Our incredible day out on the water was coming to an end. I didn’t want to go back into port. I wanted to stay out there forever. We had seen so many animals; a mola mola sunfish, multiple whales, and some white sharks! I was really just being greedy at this point, but I couldn’t help it. Now that I had seen these amazing animals, all I wanted was to see more.
Like all good things though, this day had to come to an end. So we got ready to head back to Plymouth. But the ocean had other plans for us.
Off in the distance, something exciting was happening. A humpback whale was fin slapping, which is pretty much exactly what it sounds like, the whale was lifting its pectoral fin out of the water and slapping it back down, creating a splash. That splash is what caught the attention of Regina Asmutis-Silvia, the Senior Biologist and Executive Director for the Whale and Dolphin Conservation’s North American Office, and the woman leading the whale watching portion of our trip. She excitedly told us that this was very interesting behavior, and worth checking out. So our Captain changed direction and we headed away from shore, out towards the whale.
Once again the boat’s railings were lined with people, standing elbow to elbow, cameras out, waiting to see what this whale would do. And that could be anything, including stopping, according to Regina. As is the case with many of the ocean animals that scientists attempt to study, there is a lot we just don’t know about them. There are many possible theories that explain why whales do this, but they are theories. Even if we had known exactly what the whale was doing and why, who’s to say it would still be doing it by the time we got to it.
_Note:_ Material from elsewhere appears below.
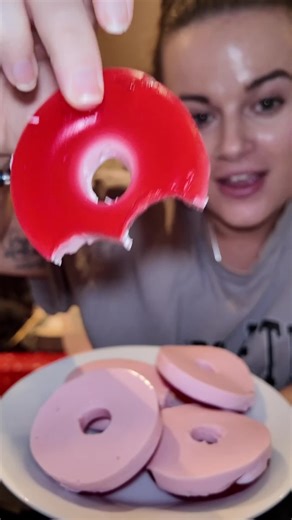 Ingredients: - 280ml boiling water - 2 packets Dr Oetker Beef Gelatine - 1 Packet Hartley Sugar Free Jelly Crystals - 160g 0% Fat Yoghurt The recipe book is also in my link on my profile you can go at get it for free! These are a GAME CHANGER when you are trying to hit your protein goals! Let me know what you think! #bossfit #calorietracking #macrotracking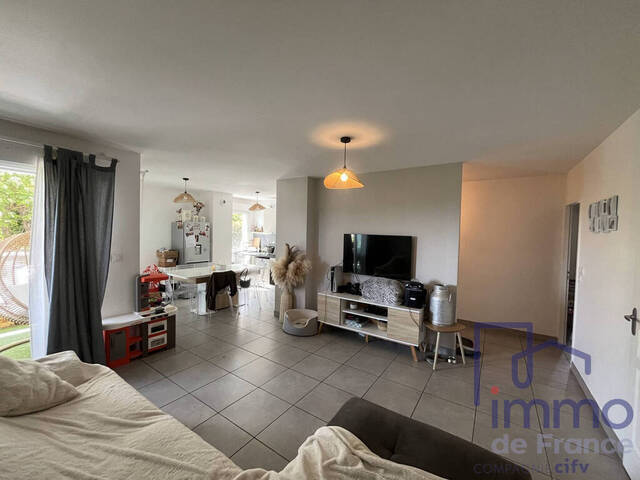 Sale Apartment 3 rooms 88 m² Saint-Genest-Lerpt 42530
Anticipation hung in the air. The whale could stop at any minute. It could dive and swim off, and then we’d have to turn around and once again begin our trip home, a little disappointed because we were so close to being able to see something like this up close.
We were not disappointed. As we approached the humpback whale it continued to raise and drop its flipper, swimming on its side in a small circle. Then it turned and went the other way. It almost appeared to be showing off.
As soon as we began to think this was all the whale was going to do, and believe me, it was more than enough, the whale breached. The boat erupted in “awes” and cheers. All around me people were excitedly talking about the breach.
Most of us had never seen something like that before. Just to be that close to an animal of that size and majesty was humbling. To see it breach, was thrilling. And then, as if it really was showing off for the cheering crowd, the whale breached again. It seemed almost too incredible to be real. It was a beyond perfect end to such an amazing day. We could go back now.